It happens all the time. You're head over heels, or Converse’s
, for a person who is far beneath you. None of your friends get it, your parents think you have a screw lose yet you are in la la land.
People often say things like:
"I don't get how you two are together."
"And, what exactly do you have in common?"
As well as:
"Wait, he's your boyfriend?"
You scratch your head in puzzlement as you wonder why people are so perplexed about your personal life.
For starters: if he is done with school and working at the corner Shell station because he wants’ to find himself, take note. The only thing he’s going to find is a shipment of Twinkies
every Friday night that he has to shelf.
He doesn't know what he wants to do with his life, and is one semester from completing school. It's okay to not know where life will take you, but to have no direction or desire to pursue a career in the degree he's working towards is a big question mark.
He has dated several of your best friends and flirts with your other friends in front of you. Well, you can rule out gay.
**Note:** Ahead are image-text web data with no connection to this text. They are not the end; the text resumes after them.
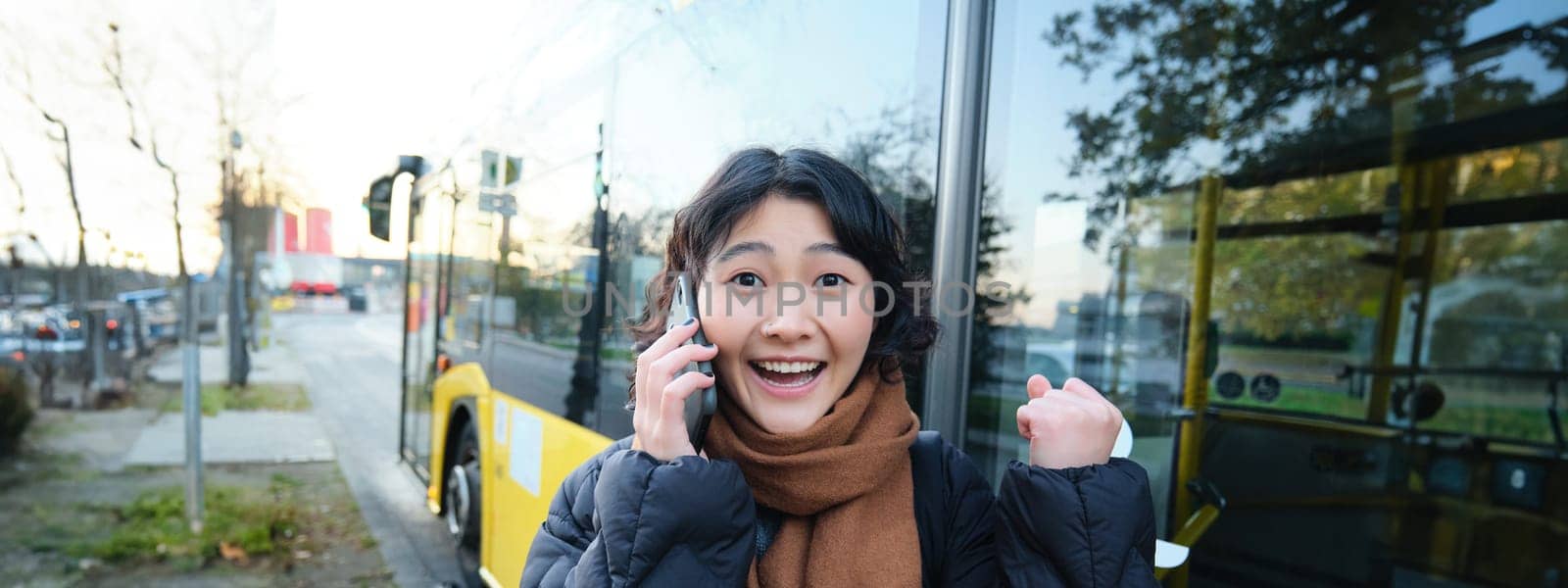 Happy asian girl talks on mobile phone and looks surprised, amazed by great news, achieve goal, hear something exciting by Benzoix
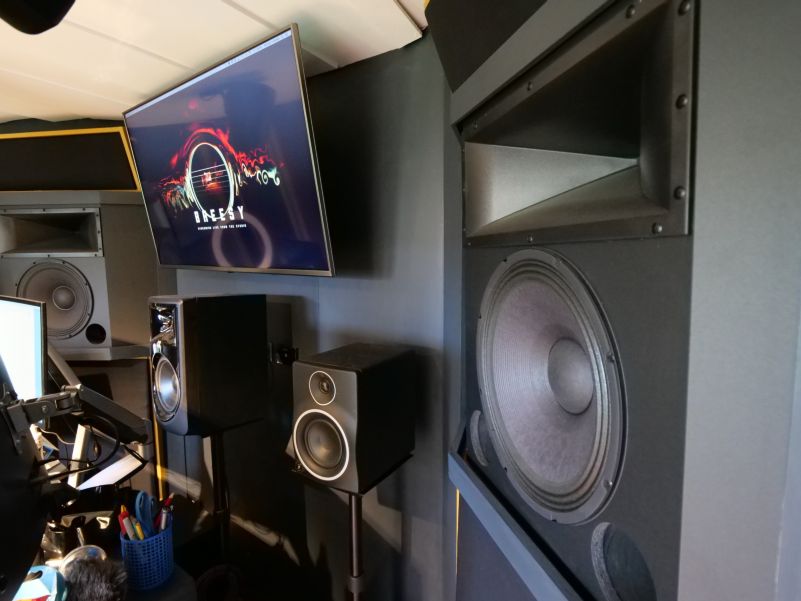 Interior view of the studio with speakers in the foreground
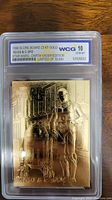 Close-up of gold-plated Star Wars collectible card featuring R2-D2 and C-3PO inside graded protective case with WCG 10 GEM-MT label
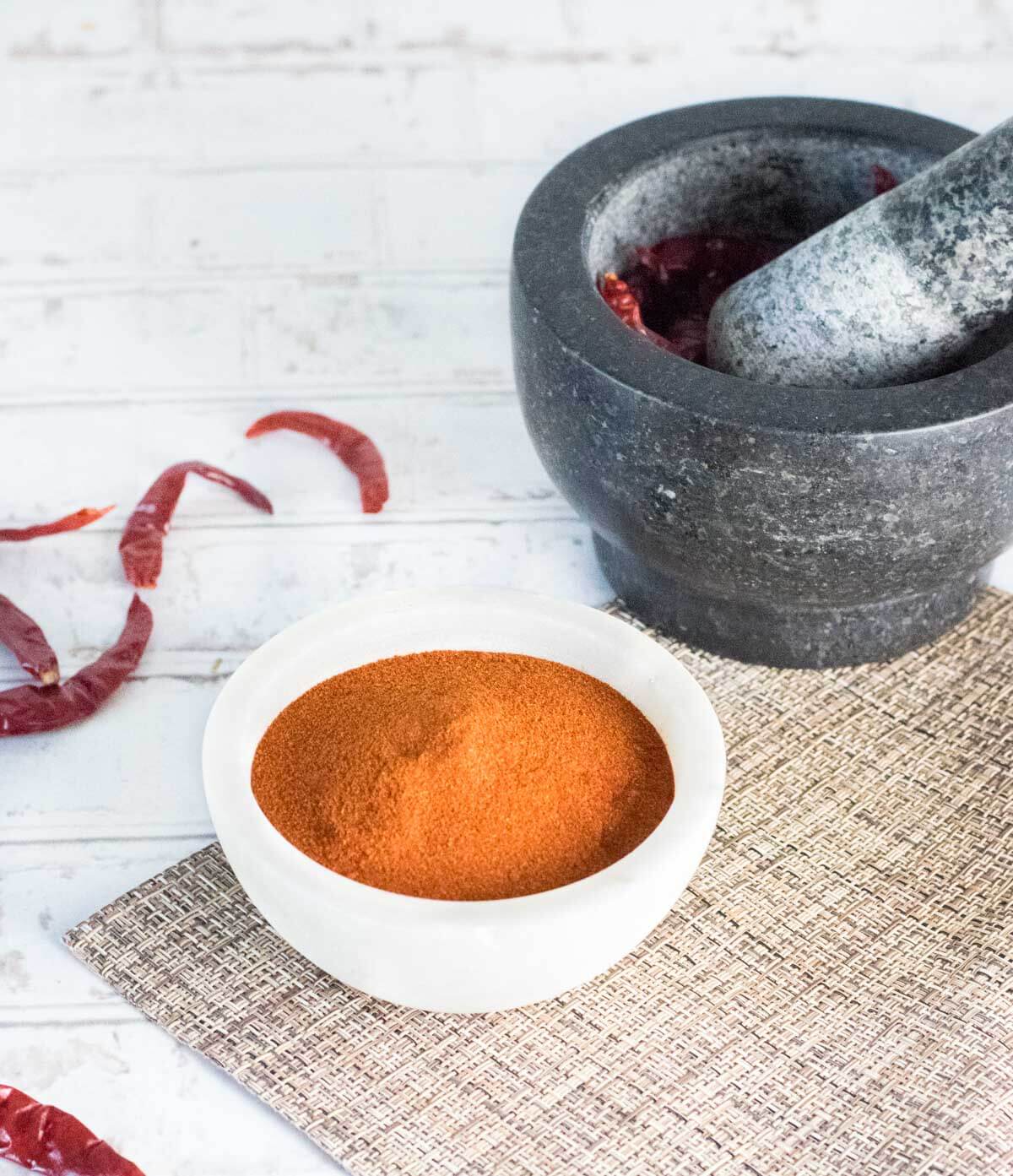 Fresh ground paprika in white bowl.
He clearly loves women
, but he doesn't love you. He appreciates your female embodiment just not enough to only date you and leave your friends behind. Sorry sister, there is a man out there who won't even notice your friends; it's just not this guy.
He relies on his parents for everything: still. Calling to ask mom about a family recipe is one thing. Calling home because he doesn't understand why his credit card bill is in his name is another.
If he doesn't know how to pay a bill, odds are he won't know how to pay for dinner if you were ever to go on a date together. Do yourself a favor; date someone who is paying their own bills.
He spends all his paychecks on video games. The only time he actually saves is when he realizes his Xbox
broke and needs a new one.
He constantly has women flourishing his Facebook and phone. Clearly he did not take the time to make it known to friends and family he is exclusive with someone, therefore you’re not a priority. Yes, you may have made it a point to put “in a relationship” on your profile as well as told everyone about him, but he didn't: move on.
You're too good for him, just admit it. Doesn’t it feel good to say that out loud?